Migrating CUDA.jl atomic operations to ParallelStencil.jl using Atomix.jl?

Hello,

I am currently porting my code from CUDA.jl to ParallelStencil.jl. While I have successfully managed the transition for mixed Float64 and ComplexF64 types, I have run into a challenge replacing CUDA-specific atomic operations, specifically:

CUDA.@atomic F[i, j, 1] += ...

Based on the KernelAbstractions.jl documentation, I am considering using Atomix.jl, but I am unclear on how the integration works in practice. Specifically:

  1. If I initialize my setup with @init_parallel_stencil(CUDA, Float64, 2, inbounds=true), will Atomix.jl automatically utilize the correct CUDA atomic instructions?
  2. Are there specific steps or wrappers required to ensure Atomix.jl works seamlessly within a ParallelStencil kernel?

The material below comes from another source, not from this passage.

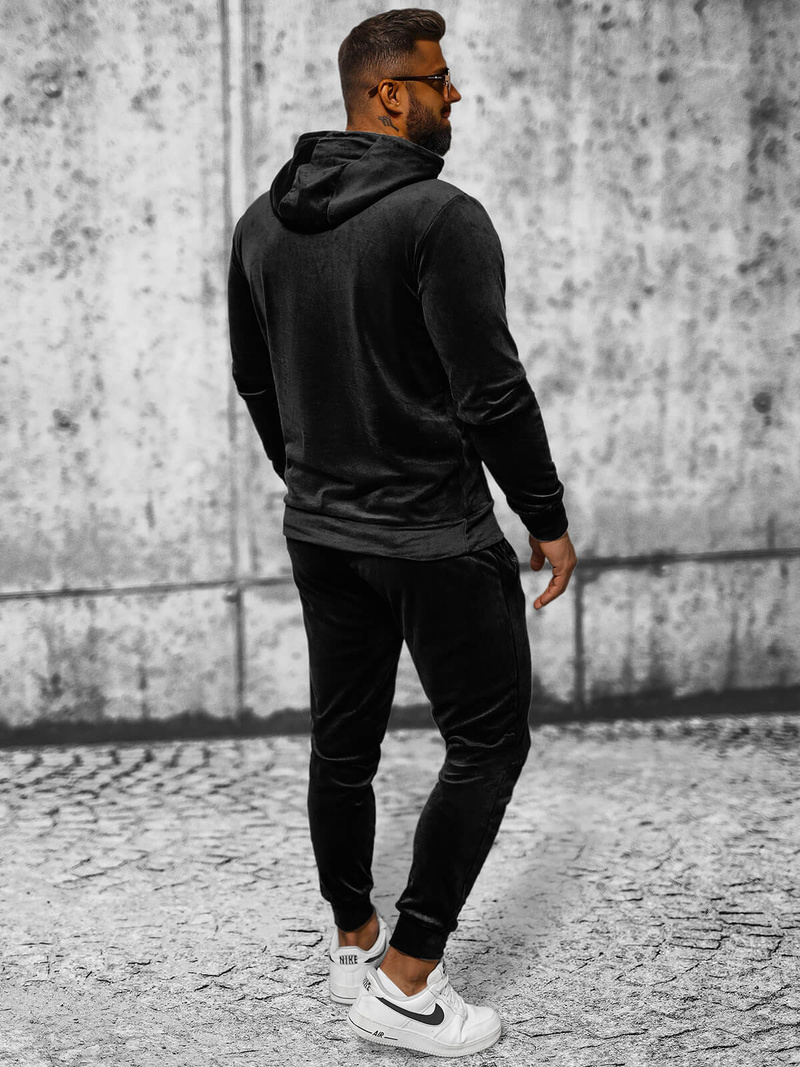 Komplet dresowy męski welurowy czarny OZONEE JS/8C1171/3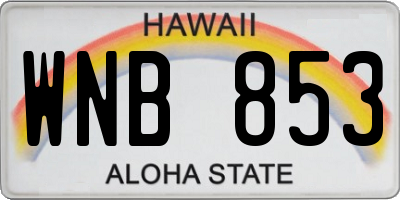 HI license plate WNB853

I have looked through the Atomix.jl documentation, but it is quite sparse. Any guidance or examples would be greatly appreciated!

Best regards

ParallelStencil will remain unaware of atomic operations, but the mapping to the correct operations (when available) will happen in the backend of Atomix.

So essentially, there is Atomix.jl/ext/AtomixCUDAExt.jl at main · JuliaConcurrent/Atomix.jl · GitHub and UnsafeAtomics.jl together provide the infrastructure, and the use is transparent to KernelAbstractions and ParallelStencil.

2 Likes

Thank you for your help !